By identifying individual cats in camera-trap photos from those unique coat patterns, Castagnino's team suggested an ocelot density in the research center of some 70 cats per 100 square kilometres. That's the third-highest density known anywhere after Panama's Barro Colorado Island (100 ocelots per 100 square kilometres) and Peru's Manu National Park (80 per 100 square kilometres).
The surveys also indicated that local ocelots readily use manmade trails as travel corridors and favour lagoon- and riverside hunting circuits.
Ocelots call home an impressively broad geographic range, from South Texas in the United States to northern Argentina and Uruguay, and they prowl quite the spread of habitats within this domain: from thornscrub and savanna to tropical rainforest. Across those diverse landscapes, however, the painted cats tend to seek thick cover. Their diet spans a gamut of small to medium-sized prey: everything from snakes and birds to agoutis, armadillos and the occasional monkey.
Across much of their Neotropical territory, ocelots are the most numerous of a rich guild of wildcats, two of which (jaguars and pumas) outsize them, but most of which (such as margays, jaguarundis and little spotted cats) are smaller. The species appears to dominate the featherweight and middleweight felid "mesopredator" contingent: at least in certain areas, ocelot abundance seems to depress numbers of their smaller cousins, a phenomenon that's been called the "ocelot effect" (or "pardalis effect", after the Latin name of the species).
Castagnino's research offers valuable insight into the status of these influential middleweight predators in southeastern Peru. Despite their adaptability, the cats haven't always fared well at the hands of humankind, and were once heavily hunted for their attractive pelts. Castagnino also notes the species underwent a major population bottleneck in Peru during the 1960s. Today, the fur market has declined but remains a threat, along with ocelot demand in the pet trade, retaliatory killings by farmers for livestock/poultry depredation, and – of course – habitat loss.
The study suggests that the primary threat to ocelots in the sparsely populated Las Piedras District, where the Amazon Research and Conservation Center is located, is deforestation.
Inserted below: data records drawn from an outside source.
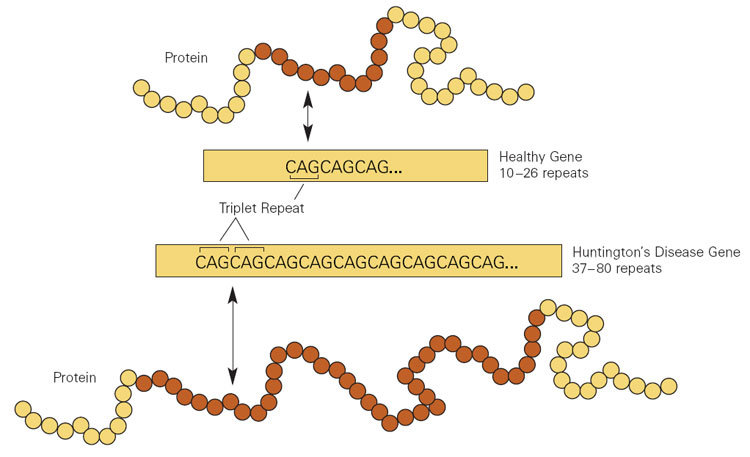 huntington_s_disease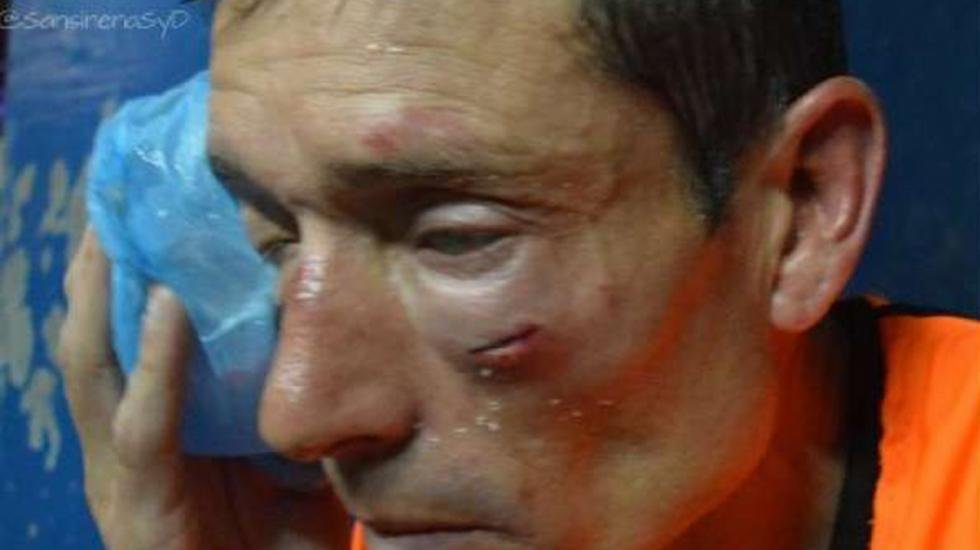 Elichiri: «No puedo ni levantar los labios»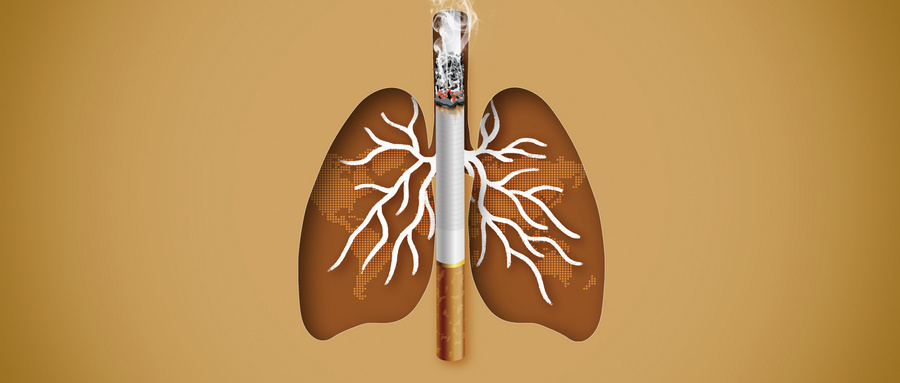 肺部結節與血管之間的關系：癌細胞如何依靠血管生長？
Castagnino's team also surveyed visitors to the centre and identified the value of local ecotourism – and the potential economic boon of having such a significant cadre of ocelots slinking around the neighbourhood.
"[Visitors] who were able to see an ocelot on their trips were astonished," she said in the Mongabay article. "Those who weren't said they wish they had seen one."
This research was published in Espacio y Desarollo.